Now I'm feeling madder than yesterday. They aren't going to call me back. I'm in some kind of No Fly database that I can never know about or escape from. Once when I left one job for a better one, the owner of the old company called the manager of the new company to say that I was a terrible pilot and a non-trustworthy employee. Fortunately the new boss already knew me, so realized that the last desperate ploy to stop me getting the new job was actually a compliment about my value as a pilot. Sometimes I picture a vast conspiracy wherein that boss has made it his life's work to sabotage my career, finding out wherever I try to go and poisoning them against me. Hey, some of you thought it was paranoia last week when I had the premonition this job was going to fall apart.
But for now, I'm just fed up. I hate airplanes. They're stupid. I'm going to go buy some chickens and look feed them and collect the eggs. No, I'm going to rent an incubator and buy some fertilized eggs and hatch my own chickens so they imprint on me and I can raise them and train them to fetch, or cluck on command, or not to drown in the rain, or whatever the pinnacle of chicken learning is. And then I'll collect the eggs, and then when the chickens stop laying eggs I will tell them that I have rescinded their job offer, and I will eat them. And yay for the circle of life.
I found a big pile of partially completed to do lists today; I never throw out uncompleted to do lists, it seems, just abandon them half done. And they all seem to have the same things undone, things that always need doing even though I do them fairly often, things that come around again and again. I'm going to do them all. I'm going to go through all my lists and do them until they are done once and for all, and not have any fun because I don't deserve any. Except that feeding my chickens might be fun. I'll let you know.
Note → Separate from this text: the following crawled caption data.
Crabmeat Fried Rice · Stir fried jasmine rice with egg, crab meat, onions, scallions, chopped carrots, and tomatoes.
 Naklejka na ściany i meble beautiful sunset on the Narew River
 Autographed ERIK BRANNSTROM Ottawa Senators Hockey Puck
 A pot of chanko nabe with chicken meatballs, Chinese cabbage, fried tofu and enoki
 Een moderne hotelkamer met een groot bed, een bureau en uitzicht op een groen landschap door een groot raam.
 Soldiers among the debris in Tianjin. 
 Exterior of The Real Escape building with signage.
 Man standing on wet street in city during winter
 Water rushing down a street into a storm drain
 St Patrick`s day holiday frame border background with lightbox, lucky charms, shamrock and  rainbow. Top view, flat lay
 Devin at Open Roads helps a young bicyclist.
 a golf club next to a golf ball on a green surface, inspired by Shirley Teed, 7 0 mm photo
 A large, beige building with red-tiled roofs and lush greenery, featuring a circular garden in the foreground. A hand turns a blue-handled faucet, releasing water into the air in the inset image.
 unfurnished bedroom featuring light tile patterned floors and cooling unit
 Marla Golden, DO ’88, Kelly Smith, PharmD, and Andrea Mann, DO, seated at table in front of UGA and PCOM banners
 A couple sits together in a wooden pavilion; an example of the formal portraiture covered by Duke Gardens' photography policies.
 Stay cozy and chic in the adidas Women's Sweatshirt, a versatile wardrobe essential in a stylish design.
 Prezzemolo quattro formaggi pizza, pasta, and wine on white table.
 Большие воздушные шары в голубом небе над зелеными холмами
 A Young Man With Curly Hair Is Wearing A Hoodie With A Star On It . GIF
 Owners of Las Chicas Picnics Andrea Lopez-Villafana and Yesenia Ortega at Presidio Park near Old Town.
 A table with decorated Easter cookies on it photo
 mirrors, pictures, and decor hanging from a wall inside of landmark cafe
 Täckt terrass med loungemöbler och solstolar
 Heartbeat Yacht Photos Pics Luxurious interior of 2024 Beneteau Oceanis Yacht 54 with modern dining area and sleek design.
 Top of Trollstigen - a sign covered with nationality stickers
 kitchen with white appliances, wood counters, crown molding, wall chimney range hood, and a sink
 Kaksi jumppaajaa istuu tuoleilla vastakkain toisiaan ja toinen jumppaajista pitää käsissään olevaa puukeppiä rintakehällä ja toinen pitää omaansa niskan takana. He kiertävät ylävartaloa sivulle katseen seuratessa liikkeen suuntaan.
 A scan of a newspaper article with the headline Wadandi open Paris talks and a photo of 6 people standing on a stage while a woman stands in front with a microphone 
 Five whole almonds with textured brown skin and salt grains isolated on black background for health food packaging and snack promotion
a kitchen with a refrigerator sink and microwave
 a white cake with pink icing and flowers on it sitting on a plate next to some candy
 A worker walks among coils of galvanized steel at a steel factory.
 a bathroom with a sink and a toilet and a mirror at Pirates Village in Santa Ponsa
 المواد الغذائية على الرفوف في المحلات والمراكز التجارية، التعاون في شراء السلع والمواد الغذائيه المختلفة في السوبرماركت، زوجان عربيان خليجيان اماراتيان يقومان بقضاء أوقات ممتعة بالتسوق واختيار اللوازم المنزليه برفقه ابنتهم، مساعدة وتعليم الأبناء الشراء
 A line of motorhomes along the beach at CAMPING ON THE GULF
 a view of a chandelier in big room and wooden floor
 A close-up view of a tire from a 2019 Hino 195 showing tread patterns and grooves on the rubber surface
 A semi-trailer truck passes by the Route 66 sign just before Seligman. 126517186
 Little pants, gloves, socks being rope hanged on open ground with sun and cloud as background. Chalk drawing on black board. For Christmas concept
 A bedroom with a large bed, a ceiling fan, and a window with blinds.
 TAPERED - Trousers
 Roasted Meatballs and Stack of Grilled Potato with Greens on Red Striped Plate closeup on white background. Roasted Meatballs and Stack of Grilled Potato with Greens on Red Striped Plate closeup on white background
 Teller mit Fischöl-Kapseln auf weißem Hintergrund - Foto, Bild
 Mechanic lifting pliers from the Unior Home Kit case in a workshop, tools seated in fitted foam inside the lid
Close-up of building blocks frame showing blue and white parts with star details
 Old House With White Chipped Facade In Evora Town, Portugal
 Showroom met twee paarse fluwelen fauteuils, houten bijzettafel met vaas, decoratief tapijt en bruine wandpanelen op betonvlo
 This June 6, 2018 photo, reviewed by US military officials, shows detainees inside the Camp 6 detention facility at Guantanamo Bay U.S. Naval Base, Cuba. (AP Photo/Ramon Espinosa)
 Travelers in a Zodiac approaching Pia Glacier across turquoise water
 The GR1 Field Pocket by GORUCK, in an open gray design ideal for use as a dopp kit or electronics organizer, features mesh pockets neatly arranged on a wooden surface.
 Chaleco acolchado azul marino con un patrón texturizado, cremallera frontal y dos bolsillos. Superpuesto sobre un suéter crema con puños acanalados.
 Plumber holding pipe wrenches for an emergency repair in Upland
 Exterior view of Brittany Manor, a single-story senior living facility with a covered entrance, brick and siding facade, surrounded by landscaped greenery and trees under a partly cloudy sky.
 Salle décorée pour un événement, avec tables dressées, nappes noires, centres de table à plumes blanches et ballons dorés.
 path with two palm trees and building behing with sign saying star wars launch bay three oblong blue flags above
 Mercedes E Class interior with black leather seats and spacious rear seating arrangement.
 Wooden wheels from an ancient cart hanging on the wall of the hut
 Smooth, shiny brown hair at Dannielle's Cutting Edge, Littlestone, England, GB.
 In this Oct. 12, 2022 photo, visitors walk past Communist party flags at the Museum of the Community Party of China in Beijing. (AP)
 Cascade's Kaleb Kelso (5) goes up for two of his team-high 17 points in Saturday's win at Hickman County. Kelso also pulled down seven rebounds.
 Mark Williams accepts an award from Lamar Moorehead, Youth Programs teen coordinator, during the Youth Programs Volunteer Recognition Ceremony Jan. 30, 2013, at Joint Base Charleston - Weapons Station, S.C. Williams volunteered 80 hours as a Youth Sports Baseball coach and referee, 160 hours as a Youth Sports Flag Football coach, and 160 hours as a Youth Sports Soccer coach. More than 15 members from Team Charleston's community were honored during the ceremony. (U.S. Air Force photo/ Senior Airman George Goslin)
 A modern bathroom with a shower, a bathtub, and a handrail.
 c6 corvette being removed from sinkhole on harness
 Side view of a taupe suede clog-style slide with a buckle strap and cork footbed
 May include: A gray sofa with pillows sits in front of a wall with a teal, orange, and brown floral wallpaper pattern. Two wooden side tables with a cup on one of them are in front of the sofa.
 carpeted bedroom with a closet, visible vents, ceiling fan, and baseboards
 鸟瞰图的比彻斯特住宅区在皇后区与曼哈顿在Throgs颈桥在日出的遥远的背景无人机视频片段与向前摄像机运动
I turn on my computer to find out where to buy chickens and somehow end up on an aviation job site. I haven't checked it for a week, on account of thinking I had a job. "Hmm, this job looks good." I could raise chickens there instead of here. I start to compose an e-mail to the chief pilot, when the phone rings. It's an ex-chief pilot, in town flying a medevac to here. I go out to dinner with the crew, good to catch up. One of the flight medics observes, "I never knew before this job how difficult it was to be a pilot." I thought she was talking about physical tasks like loading, de-icing, or the hours, but she continues to say, "You can't just decide where you want to work, apply and get a job. You have to work really hard to find a job, and go wherever that job is." She gets it. And it's not just me. It's the industry. I come home and finish the e-mail. And send another to another company. And make a list of more people to contact. Life goes on.
I hate airplanes. At least when chickens shit on you, you can use it to fertilize the garden. I think the worst part is that I know every fricking circuit breaker on this airplane I'll probably never fly. All those brain cells faithfully holding information that I may never use. Who wants me to finish telling you all about the airplane for which I received free groundschool and training manuals, and who wants to skip it and learn about chickens?